Among the entire population, perhaps the average man is unattractive, but the men on dating apps are disproportionately attractive. Most of them are young, so they aren’t overweight or balding (yet). Also, due to socioeconomic factors, the most unattractive men aren’t on dating apps. (e.g. a man who’s homeless because of a meth addiction) Third, because they’re on a dating app, they’re at least nominally motivated to be attractive.
EDIT: This line originally said “significantly ‘below average’”. A commenter rightly criticized this phrasing.
I wish that Piotr addressed this theory in his post. As an armchair psychologist who follows dating discourse, he’s almost certainly heard of it.
It’s conceivable that one sex’s appearance has objectively less variation. (Consider what the distributions would look like if all men were genetically identical.) However, this explanation feels very ad hoc, and it would be quite surprising if the other sex’s tastes did not adjust to become more sensitive to the differences.
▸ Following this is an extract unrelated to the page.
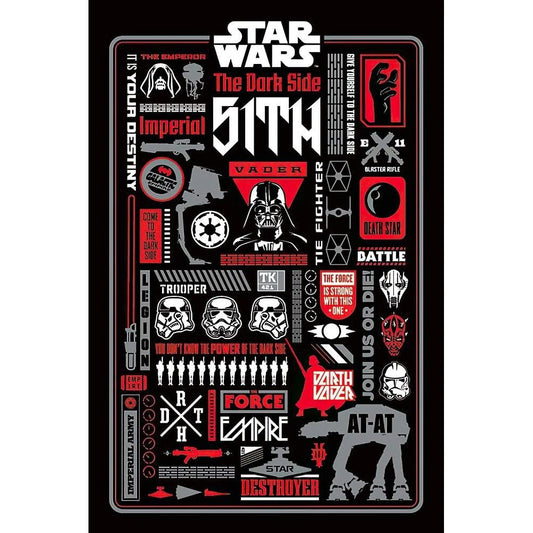 Star Wars Dark Side Icongraphic Poster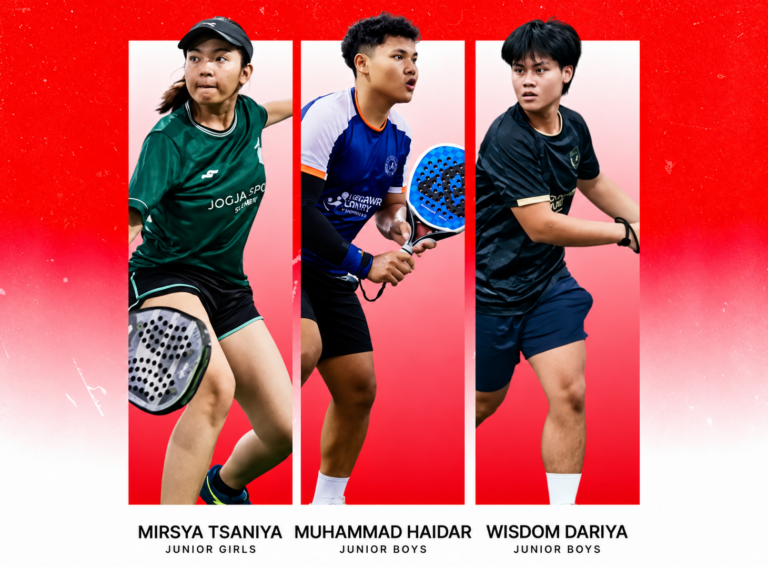 PBPI DIY Cetak Atlet Junior, 3 Pemain Padel Masuk Seleksi Timnas KU-18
Every time I see any discourse about this OK Cupid graph I always think that the correct comparison shouldn't be how men rate women vs how women rate men, it should be how do women vs gay men rate men, and how do men vs gay women rate women. It seems obvious to me that women's average would be higher on the scale, since as Poitr points out women in general spend much more time working to improve their rating (and also have access to an easier socially acceptable way to do so in makeup)
“If the women on OkCupid calibrated the scale similarly, then the actual average man (2.3) would be considered significantly ‘below average’.”
Uh, sorry, no.
Based on your wife’s defined scale, where 3 is Average and 2 is Below Average, then the 2.3 score indicates that the average man is something above “Below Average” though not all the way to “Average”.
The word “significantly” here is inaccurate. And given your use of quotes around “below average” there is no doubt that it is inaccurate.
Remove the word “significantly” and you have a fully accurate statement, one that matches with the data and with your wife’s scale.